The latest: Weibo Corp. (9898.HK; WB.US), often called the “Twitter of China” has launched a secondary listing in Hong Kong consisting of 11 million of its Class A ordinary shares. Subscriptions for the IPO shares began today and will run through noon on Dec. 2, with a maximum fundraising target of HK$4.27 billion ($547 million).
Looking up: Weibo’s monthly active users (MAU) as of September reached 573 million, and its revenue has grown at a compound annual rate of 26.7% in the past four years. The company’s revenue in this year’s fourth quarter is expected to grow by 15% to 20% year-on-year, showing the group is taking advantage of its relatively high growth to raise additional funds.
Take Note: Each of Weibo’s Hong Kong shares is equal to one American depository share (ADS), with the offer price capped at HK$388. That translates to a maximum price of $49.76, compared with Weibo’s latest after-hours trading price of $41.80 last Friday. The stock has lost about a third of its value since mid-July when China began enforcing a new data security law for tech companies listing overseas.

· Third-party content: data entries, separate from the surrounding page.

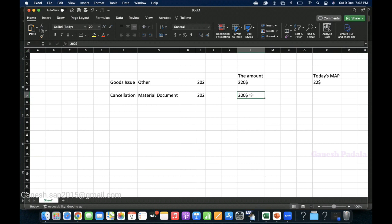Based on the business requirement, if you want today's price, don't cancel the material document — go for goods issue other and use movement type 202. With this approach you have the flexibility to input whatever quantity you want to receive. During cancellation, you don't have that flexibility; you have to cancel the whole document, and if you need any adjustments you have to post again.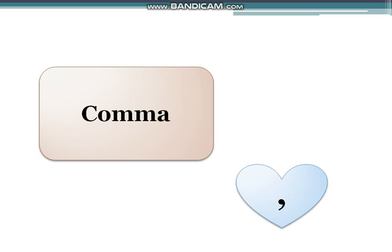Now come to our today's topic which is comma. You know what a comma is. This is a punctuation mark which we use in our sentences. As I told you, when we finish a sentence we place a period — which you can also call a full stop. Or at the last we put an exclamation mark or a question mark.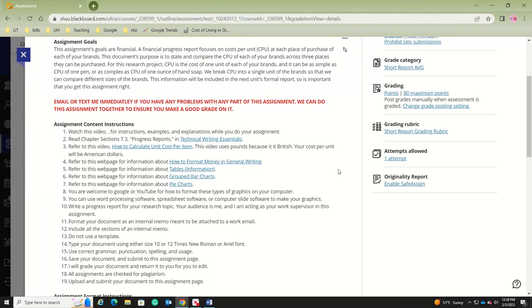This information goes into the next unit's formal report. All of the short reports will be copied and pasted into different sections of the formal report, so it is important that you get this assignment right. Email me or text me immediately if you have any problems, and we can do it together to ensure you make a good grade.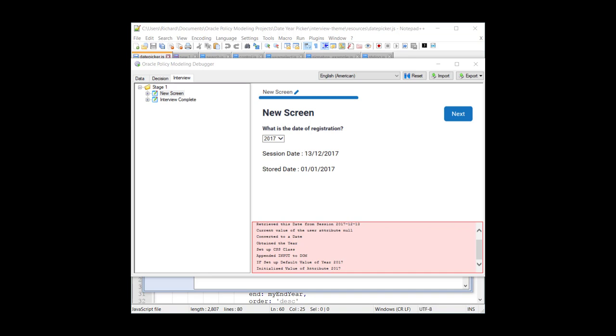Hi, it's Richard here from the OPA Hub website with another in our occasional series of examples of using the JavaScript control extension API.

Digging Deeper: As one of China’s three top social media platforms, Weibo has a large amount of sensitive user data that is currently at the center of a regulatory storm as China starts enforcing the data security law. Another Hong Kong internet IPO for NetEase Cloud Music (9899.HK) got a recent lukewarm response over similar concerns, and ended up pricing at the middle of the IPO range. Weibo’s listing is the latest in a growing string of similar secondary IPOs by New York-listed Chinese internet companies.
Market Reaction: Weibo’s ADSs weakened by 0.56% last Friday, and fell another 2.3% in after-hours trading to $41.80.